#### GIVEN RECORDS ####

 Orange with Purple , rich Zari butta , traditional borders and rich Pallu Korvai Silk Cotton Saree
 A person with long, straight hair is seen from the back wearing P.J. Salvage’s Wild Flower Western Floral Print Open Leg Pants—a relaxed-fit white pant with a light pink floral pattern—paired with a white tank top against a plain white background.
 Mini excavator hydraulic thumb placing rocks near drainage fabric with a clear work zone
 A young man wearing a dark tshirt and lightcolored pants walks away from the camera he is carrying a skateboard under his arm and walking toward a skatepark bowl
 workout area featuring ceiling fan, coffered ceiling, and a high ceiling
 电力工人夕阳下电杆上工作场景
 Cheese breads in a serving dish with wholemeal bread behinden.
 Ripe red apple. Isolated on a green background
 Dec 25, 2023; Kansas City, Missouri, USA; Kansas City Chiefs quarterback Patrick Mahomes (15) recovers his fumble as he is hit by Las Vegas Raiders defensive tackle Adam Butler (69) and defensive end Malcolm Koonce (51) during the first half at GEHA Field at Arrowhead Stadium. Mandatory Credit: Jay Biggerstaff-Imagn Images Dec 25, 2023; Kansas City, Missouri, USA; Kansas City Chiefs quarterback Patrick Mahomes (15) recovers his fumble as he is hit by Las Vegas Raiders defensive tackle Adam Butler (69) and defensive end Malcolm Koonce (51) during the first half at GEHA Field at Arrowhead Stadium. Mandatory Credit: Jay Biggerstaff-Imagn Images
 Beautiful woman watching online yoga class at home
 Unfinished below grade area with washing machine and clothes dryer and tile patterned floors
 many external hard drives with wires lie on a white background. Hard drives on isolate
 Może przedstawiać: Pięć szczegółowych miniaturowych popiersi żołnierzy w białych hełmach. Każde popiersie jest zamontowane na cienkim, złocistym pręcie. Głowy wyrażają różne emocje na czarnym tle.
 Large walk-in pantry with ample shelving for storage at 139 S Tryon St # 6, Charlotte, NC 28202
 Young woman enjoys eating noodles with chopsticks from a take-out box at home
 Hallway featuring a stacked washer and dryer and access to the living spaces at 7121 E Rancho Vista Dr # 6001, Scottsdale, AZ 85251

####

**TASK REQUIREMENTS**.
Find the line that contains "Mini excavator hydraulic". Repeat it and every line after it, exactly as written, up to and including the last line of the records above.

**ANSWER AREA**.
 Mini excavator hydraulic thumb placing rocks near drainage fabric with a clear work zone
 A young man wearing a dark tshirt and lightcolored pants walks away from the camera he is carrying a skateboard under his arm and walking toward a skatepark bowl
 workout area featuring ceiling fan, coffered ceiling, and a high ceiling
 电力工人夕阳下电杆上工作场景
 Cheese breads in a serving dish with wholemeal bread behinden.
 Ripe red apple. Isolated on a green background
 Dec 25, 2023; Kansas City, Missouri, USA; Kansas City Chiefs quarterback Patrick Mahomes (15) recovers his fumble as he is hit by Las Vegas Raiders defensive tackle Adam Butler (69) and defensive end Malcolm Koonce (51) during the first half at GEHA Field at Arrowhead Stadium. Mandatory Credit: Jay Biggerstaff-Imagn Images Dec 25, 2023; Kansas City, Missouri, USA; Kansas City Chiefs quarterback Patrick Mahomes (15) recovers his fumble as he is hit by Las Vegas Raiders defensive tackle Adam Butler (69) and defensive end Malcolm Koonce (51) during the first half at GEHA Field at Arrowhead Stadium. Mandatory Credit: Jay Biggerstaff-Imagn Images
 Beautiful woman watching online yoga class at home
 Unfinished below grade area with washing machine and clothes dryer and tile patterned floors
 many external hard drives with wires lie on a white background. Hard drives on isolate
 Może przedstawiać: Pięć szczegółowych miniaturowych popiersi żołnierzy w białych hełmach. Każde popiersie jest zamontowane na cienkim, złocistym pręcie. Głowy wyrażają różne emocje na czarnym tle.
 Large walk-in pantry with ample shelving for storage at 139 S Tryon St # 6, Charlotte, NC 28202
 Young woman enjoys eating noodles with chopsticks from a take-out box at home
 Hallway featuring a stacked washer and dryer and access to the living spaces at 7121 E Rancho Vista Dr # 6001, Scottsdale, AZ 85251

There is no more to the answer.